= Adolf Weissenberg =

Bavarian architect and archaeologist (1790–1840)

Adolf Weissenberg (Note: Sources variously give Weissenberg's first name as Adolf or Anton, and his last name as Weissenberg, Weissenburg or Weissenborn.) (1790–1840) was a Bavarian architect and archaeologist. He was appointed by Otto of Greece as ephor of antiquities, overseeing all archaeology and archaeological sites in Greece, in 1833, but forced to resign in September 1834.

== Career ==

Weissenberg was born in 1790. From 1822, he lived in Rome. In June 1833, he was appointed as "Ephor of Antiquities" (Ἔφορος τῶν ἀρχαιοτήτων) with responsibility for "the conservation, discovery and collection of the archaeological treasures of the kingdom". Three others were appointed with the title of 'sub-ephor' (ὑποέφορος): Kyriakos Pittakis, for central and northern Greece; Ludwig Ross, for the Peloponnese, and Ioannis Kokkonis for the Aegean Islands.

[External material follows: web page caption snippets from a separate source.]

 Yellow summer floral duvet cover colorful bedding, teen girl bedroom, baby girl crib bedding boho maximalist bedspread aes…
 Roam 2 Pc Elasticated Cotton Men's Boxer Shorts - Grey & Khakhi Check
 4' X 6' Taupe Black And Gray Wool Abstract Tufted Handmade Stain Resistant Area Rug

On , (Note: Greece adopted the Gregorian calendar in 1923; was followed by 1 March. In this article, this date and all subsequent dates are given in the 'New Style' Gregorian calendar, while dates before it are given in the 'Old Style' Julian calendar.) Weissenberg was appointed to lead the Greek Archaeological Service, which had notionally been established by Governor Ioannis Kapodistrias in 1829 but lacked a formal administrative structure until then. Weissenberg's short tenure saw the passage of the Archaeological Law of 10/22 May 1834, which named all antiquities in Greece as the "national property of all the Greeks", asserted the ownership of the state over all archaeological sites not already on private land and created the core administrative structure of the Archaeological Service. Weissenberg drafted the law alongside the regent Georg Ludwig von Maurer, and it was based upon a similar law of the Papal States.

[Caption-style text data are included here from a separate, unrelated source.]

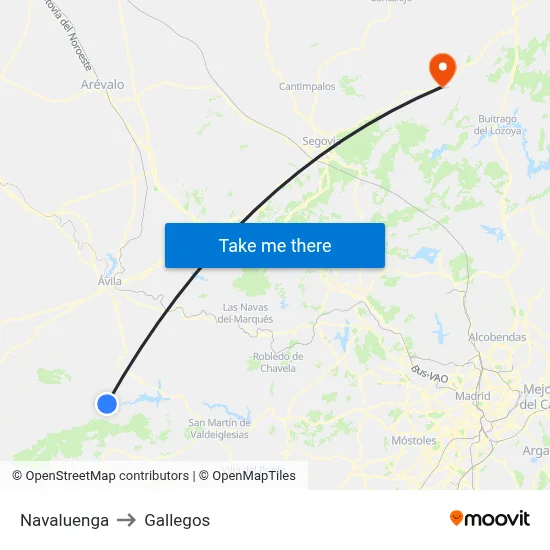 Navaluenga to Gallegos map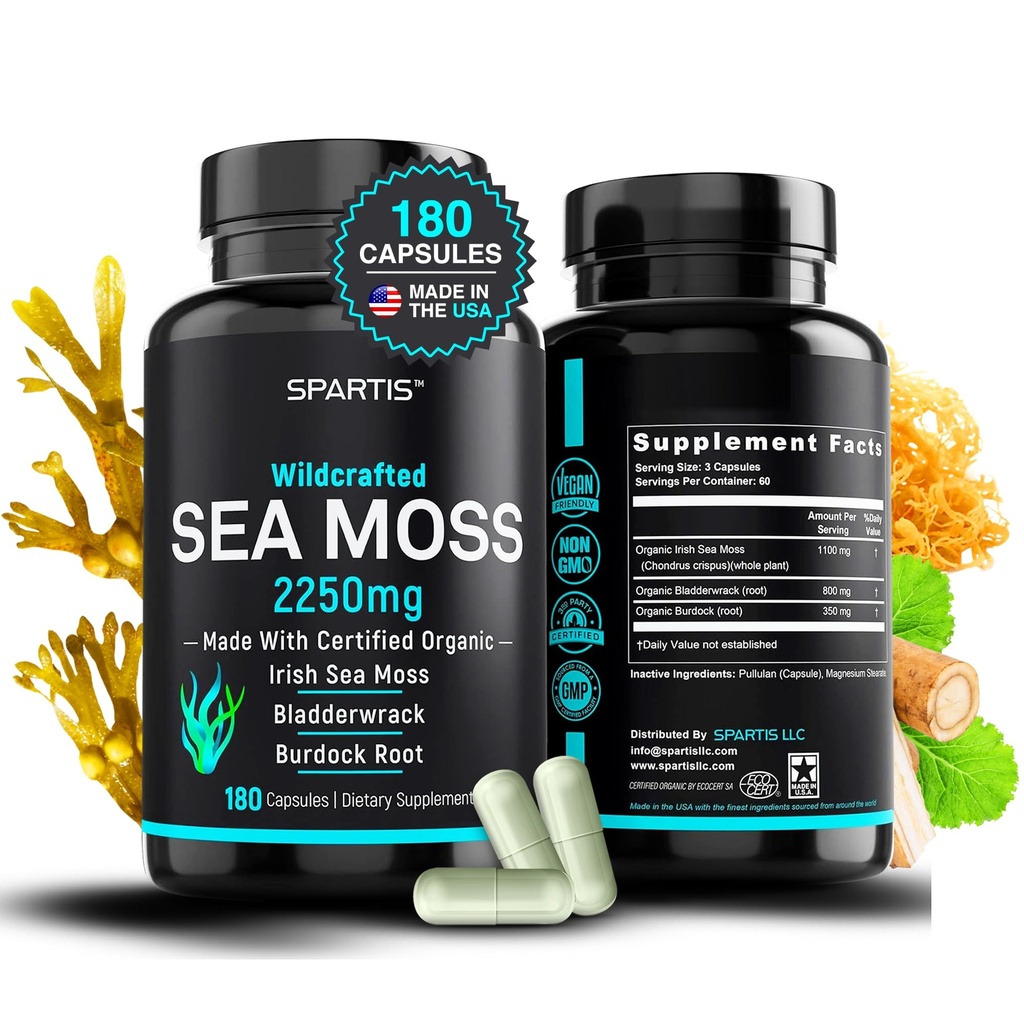 SPARTIS Certified Organic Sea Moss Capsules 2250mg Wildcrafted Irish Sea Moss Burdock Root Bladderwrack Supplement Raw Seamoss Pills & Powder (Pack of 1 at 180-Caps)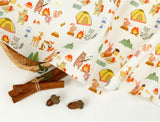 Animal Camping Bear Rabbit Fox patterned OEKO-TEX® Fabric, Animal Fabric made in Korea by the Half Yard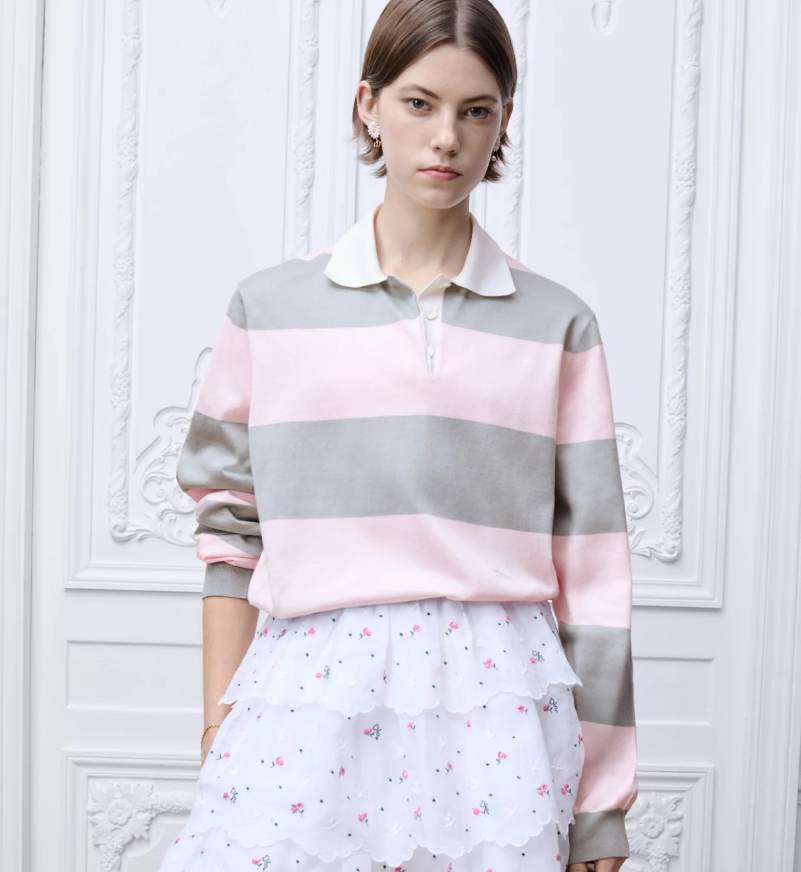 Dior 2026 Marinière Long-Sleeved Polo Shirt Cotton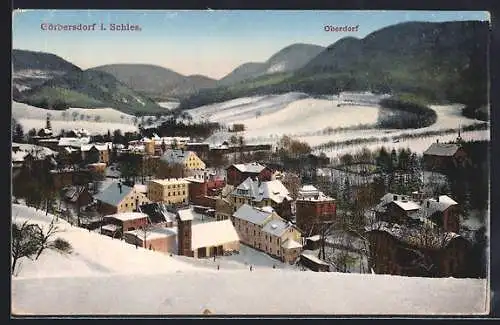AK Görbersdorf i. Schles., Teilansicht mit Oberdorf im Schnee
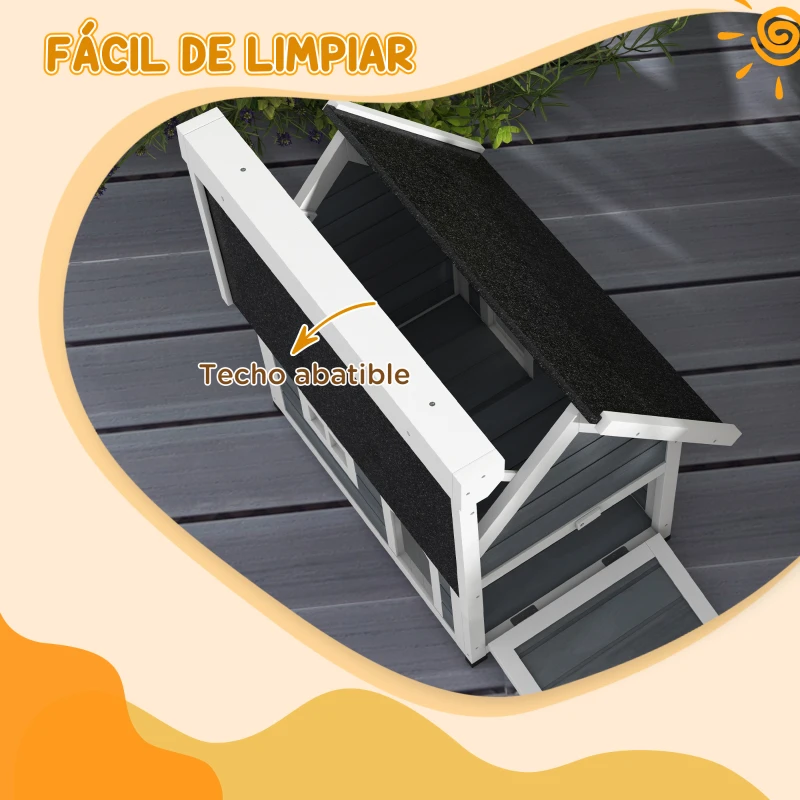 PawHut Casa para Gatos de Madera con Techo Asfáltico Abatible 3 Puertas Ventana para Exterior 77x57,5x68 cm Gris y Negro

Weissenberg was accused by Ross of lacking interest in antiquities, and had also attracted the enmity of Josef Ludwig von Armansperg, head of the regency council, by trying to organise opposition to his government alongside von Maurer. Both Weissenberg and von Maurer were sacked (along with Kokkonis) in September 1834 and recalled to Bavaria. In Weissenberg's stead, Ross was named as Ephor General of Antiquities, with Pittakis and Athanasios Iatridis as his assistants. Weissenberg died in 1840.